Les Confessions

Les Confessions, Rousseau, 1765

Introduction

Cet épisode se situe lorsque le jeune Rousseau (âgé de 10 ans) est en pension chez un pasteur près de Genève. Au départ, il s’agit d’un petit fait mais l’auteur le raconte avec une dramatisation extrême et en fait le point de départ de la perte de son innocence et de la confiance qu’il avait dans les adultes. Ce texte est très caractéristique de l’écriture autobiographique puisque l’on y trouve un récit avec les temps du récit (imparfait et passé simple) suivit d’une analyse au temps de l’écriture (présent d’écriture).

Le récit (l. 1-28)

La première partie constitue un récit avec des épisodes qui se suivent logiquement : les faits (l. 1-5), l’interrogatoire (l. 5-12), l’arrivée de l’oncle et le châtiment (l. 12-16), l’héroïsme de l’enfant et le dénouement triomphal (l. 16-21). Les faits tiennent en trois lignes car ils sont très simples. On remarque le je qui ouvre l’histoire, l’adjectif seul et disposition des pièces claire et simple. On remarque une tournure impersonnelle (l. 3). L’intervention des adultes (l. 5) se traduit par une suite de verbes au présent qui forme une gradation. Le présent de narration actualise la scène. La condamnation arrive très vite. (l. 9), une pensée de Rousseau adulte estime que le fait était grave. Trois noms abstraits condamne l’enfant : (l. 10) la méchanceté, le mensonge, l’obstination. Ces trois mots confirment la vision des adultes. La punition corporelle est donnée par l’oncle. Le courage de l’enfant, sous les coups, ne faillira pas. L’histoire dit qu’il y a eu plusieurs punitions (l. 17). Par cette phrase, on voit que l’enfant s’identifie aux romains ou aux martyrs chrétiens. Le résultat est le triomphe moral des enfants sur les adultes.
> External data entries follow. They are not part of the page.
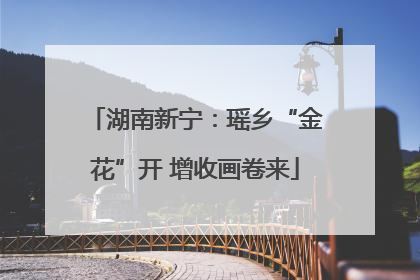 湖南新宁：瑶乡“金花”开 增收画卷来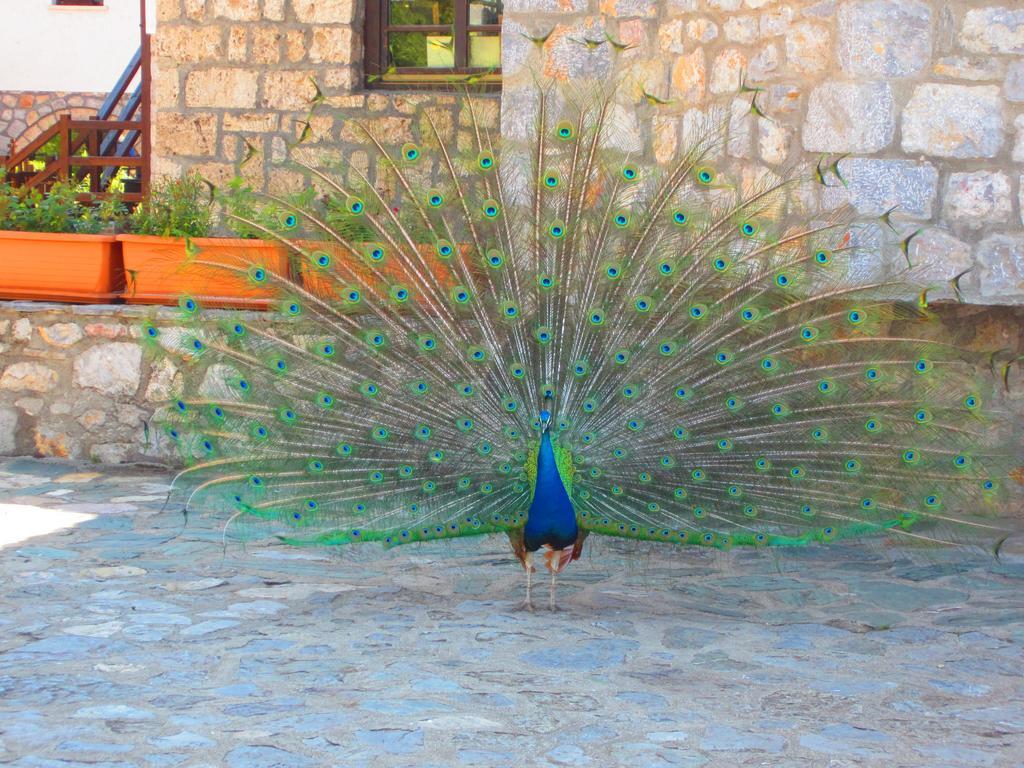 Hotel St. Naum Ljubaništa エクステリア 写真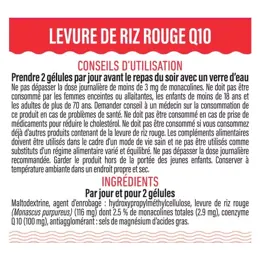 Dayang Levure de Riz Rouge + Q10 120 gélules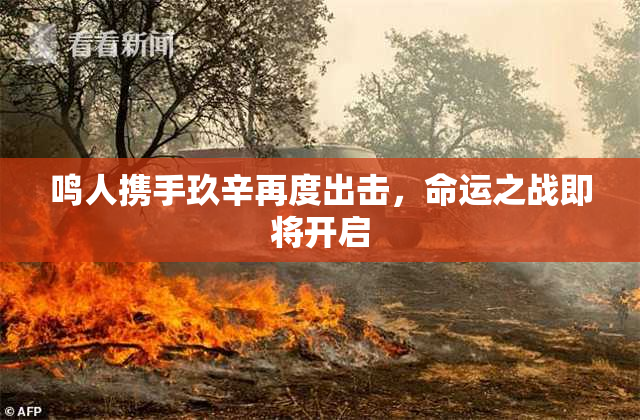 鸣人携手玖辛再度出击，命运之战即将开启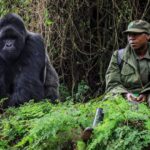 Gorilla Habituation Different from Gorilla Trekking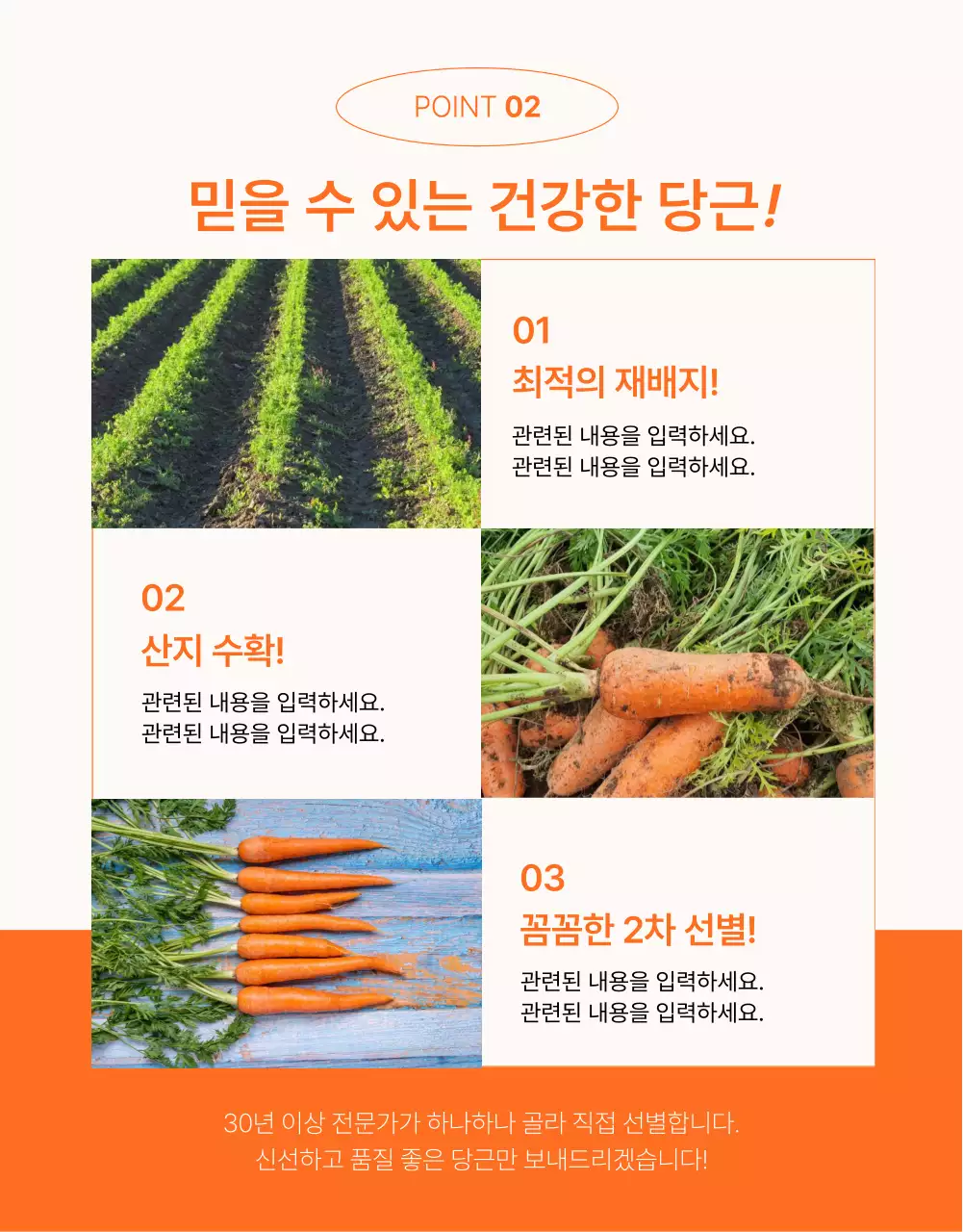 주황색과 초록색의 심플한 당근 판매 홍보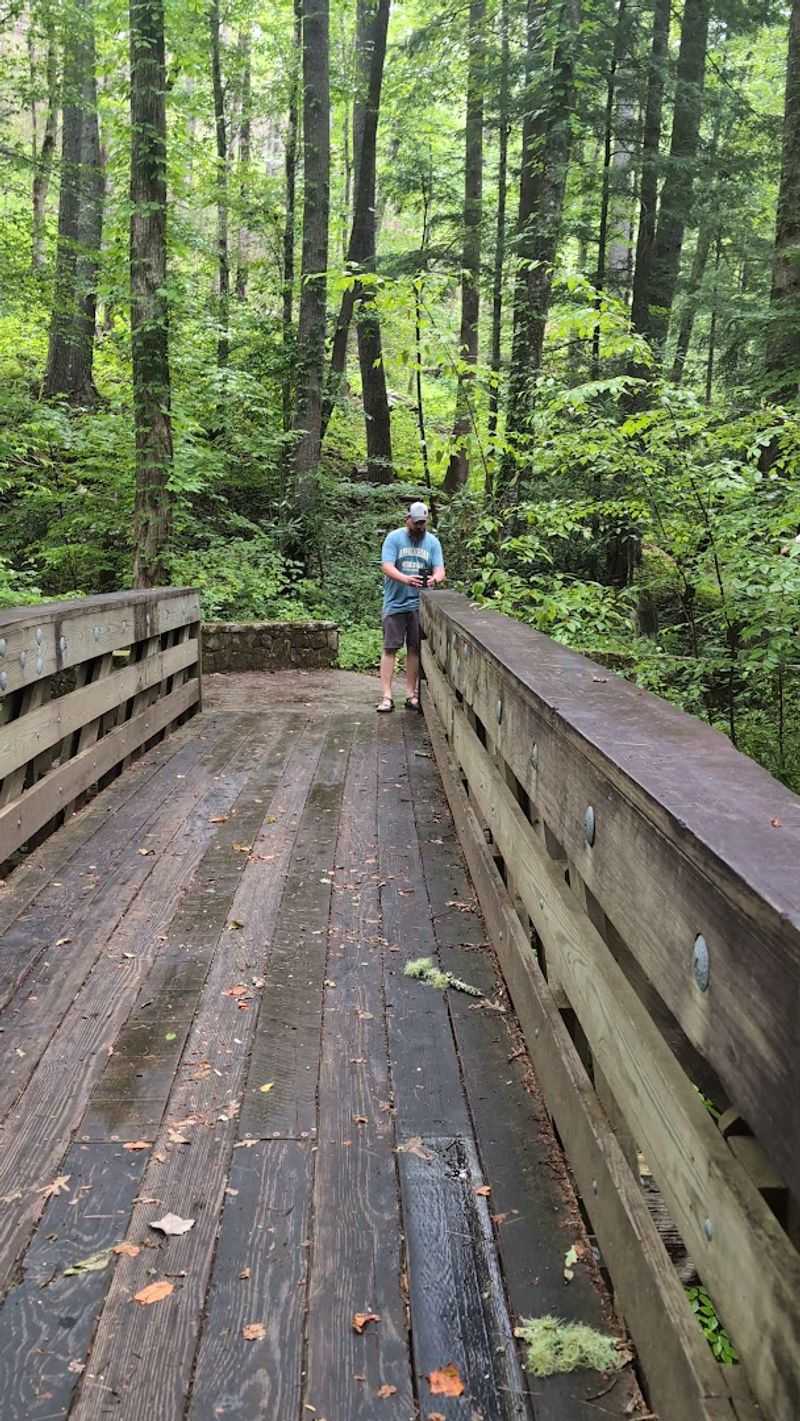 The Hemlock Woolly Adelgid: A Hidden Crisis
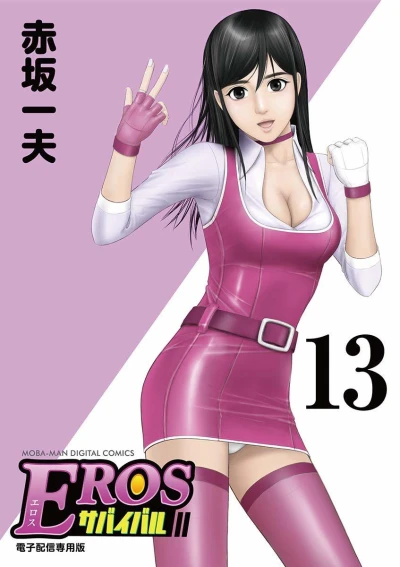 Cover of Vol. 13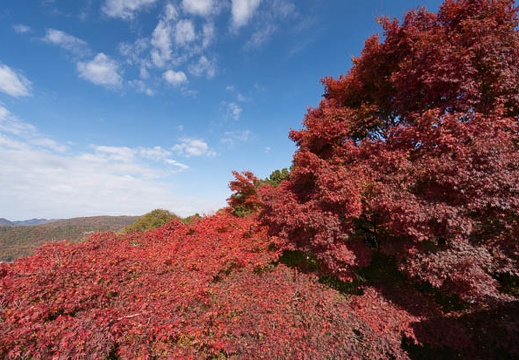201411301115-DSC01688N6.jpg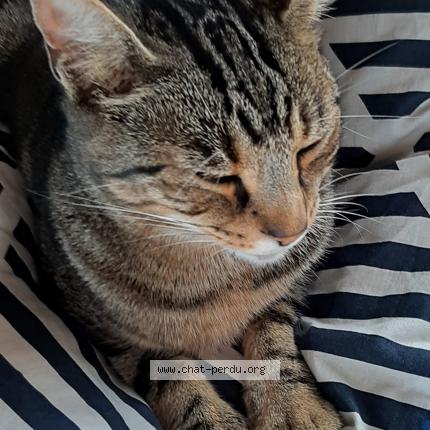 Foto 1/1 Emeraude Chat perdido en Bazoches au houlme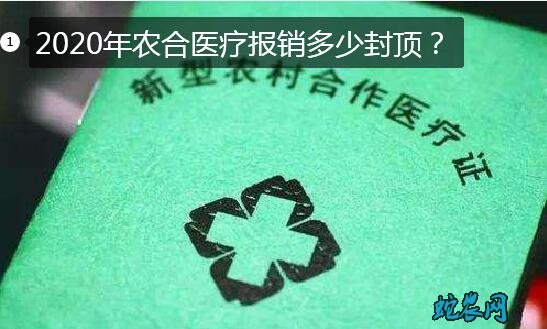 2020年农合医疗报销多少封顶?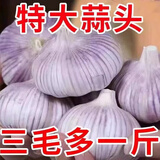 超低价25年新干蒜新鲜大蒜头10斤整箱湿蒜5斤装紫皮鲜蒜特大红蒜3 5斤 小果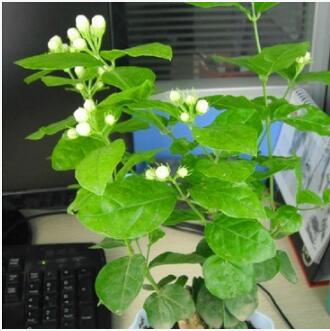 盆栽花卉 好一朵美麗的茉莉花盆栽苗 白色茉莉花 芳香四溢多規格
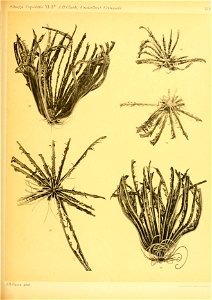 n392_w1150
Dans le combat qui oppose l’enfant aux adultes, c’est l’enfant qui a le dessus - moralement -, ce qui se traduit dans le texte par deux oppositions (l. 19-20) diabolique entêtement - constance ; (l. 21) en pièces - triomphant.

L’analyse (l. 22-42)

L’auteur, cinquante ans après cette histoire éprouve le besoin de se justifier encore une fois. De manière pathétique, Rousseau clame son innocence comme si elle était mise en doute automatiquement. Il prend la précaution de dire qu’il n’a pas peur d’être puni. Ce cri est solennel : il prend Dieu à témoin. On trouve une succession de propositions subordonnées. Il réaffirme son innocence : c’est le mot qui termine son paragraphe. Pour Rousseau, l’épisode est important car il marque la fin de l’enfance. On a dans ce passage le champ lexical du bonheur (sérénité, jouir, bonheur, charmes, paradis, enfance…), mais aussi celui de la fin (ayant cessé, s’arrête là, le souvenir…). Il y a un rapport avec la Genèse : l’auteur fait là une retranscription de l’histoire d’Adam et Ève chez lui. L’allusion au premier livre de la Bible est à la fois implicite (l. 32-33) et explicite (l. 31 : Adam et Ève ne reviendront plus au paradis ; l. 38 : comme Adam et Ève après leur faute, les enfants se cachent). Ils ont donc perdu le bonheur, l’innocence, la confiance naturelle enfant/adulte. L’auteur exprime, comme une dernière conséquence, que même la nature, le grand refuge, a perdu ses charmes, sa transparence.

Conclusion

C’est un texte qui fait référence pour comprendre les démarches de l’auteur dans cette œuvre autobiographique :

L’analyse psychologique très fine, le thème de l’injustice, la douleur de l’adulte qui n’a pas oublié, font de cet extrait un texte qui valorise totalement la démarche autobiographique.